Keep cardinality low. Good label values are bounded and predictable: HTTP methods (GET, POST, PUT, DELETE), status code classes (2xx, 3xx, 4xx, 5xx), environment names, service names. Bad label values are unbounded: user IDs, request IDs, email addresses, full URL paths with dynamic segments, IP addresses.

A metric with 5 labels, each with 100 unique values, creates a theoretical maximum of 10 billion series. In practice not all combinations occur, but even a fraction of that will overwhelm Prometheus.

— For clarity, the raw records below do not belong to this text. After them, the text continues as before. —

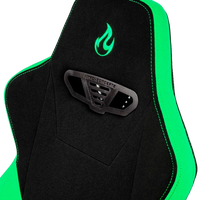 Nitro Concepts S300 Negro  Verde  Silla
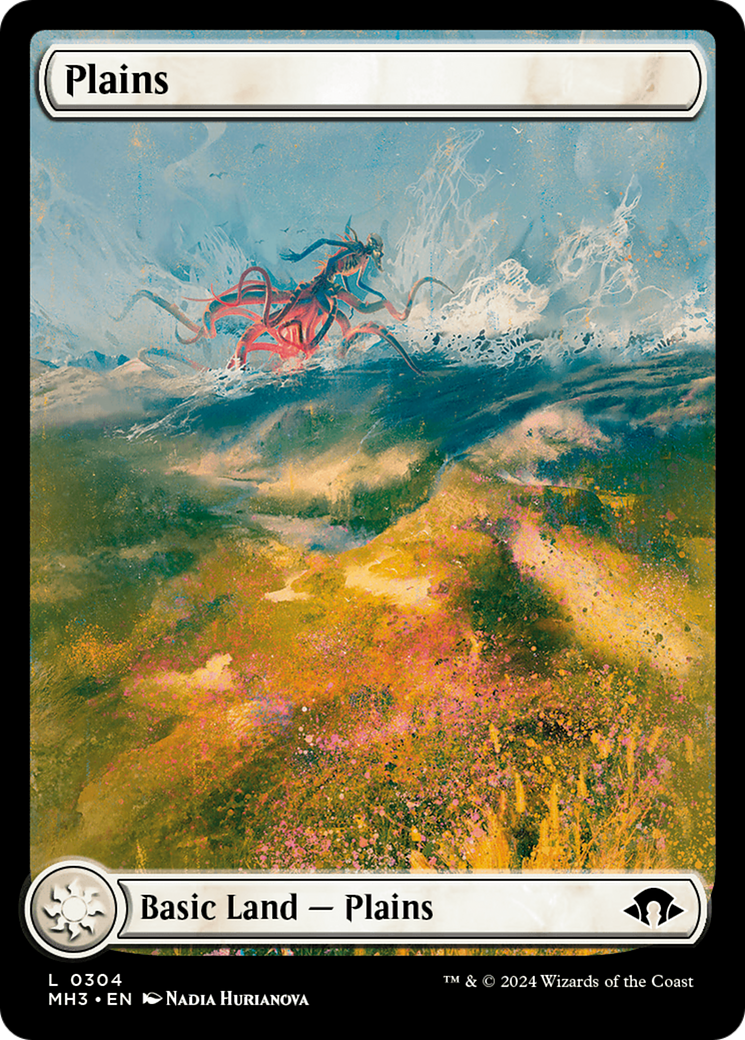 Plains (MH3-304) - Modern Horizons 3 [Common]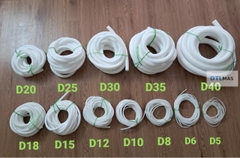 Xốp PE Foam Tròn Đặc Backer Rod Ø20mm | Dây Xốp Chèn Khe, Tạo Hình Decor, Handmade & May Mặc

Business Metrics Examples#

Custom exporters are most valuable when they expose business-level metrics alongside technical metrics:

myapp_orders_processed_total (Counter, labels: payment_method, region) – order volume
myapp_cart_value_dollars (Histogram, buckets: 10, 25, 50, 100, 250, 500, 1000) – cart value distribution
myapp_active_users (Gauge) – current active user sessions
myapp_payment_processing_seconds (Histogram) – payment gateway latency
myapp_signup_total (Counter, labels: source, plan_type) – user acquisition tracking
myapp_queue_depth (Gauge, labels: queue_name) – background job queue sizes

Displaying business and technical metrics side by side in Grafana dashboards is powerful. When orders_processed_total drops while http_requests_total stays constant, the problem is in business logic, not infrastructure. When both drop simultaneously, look at the infrastructure layer.

Common Gotchas#

High-cardinality labels are the most frequent mistake in custom exporters. A label with user IDs generates one series per user per metric. With 100,000 users and 10 metrics, that is 1 million series from one application. Prometheus memory usage scales linearly with series count. Never use unbounded values as labels.

Using a Gauge for something that should be a Counter causes incorrect rate calculations. If a value only increases (total requests, total errors), use a Counter. Prometheus can calculate rate() and increase() from a Counter, and handles counter resets correctly. A Gauge that only increases looks similar but loses reset detection.

Summary quantiles cannot be aggregated across instances. If you have three instances each reporting p99 = 200ms, the aggregate p99 is not the average of those values. Use Histogram instead – histogram_quantile() aggregates correctly across instances because it works on raw bucket counts.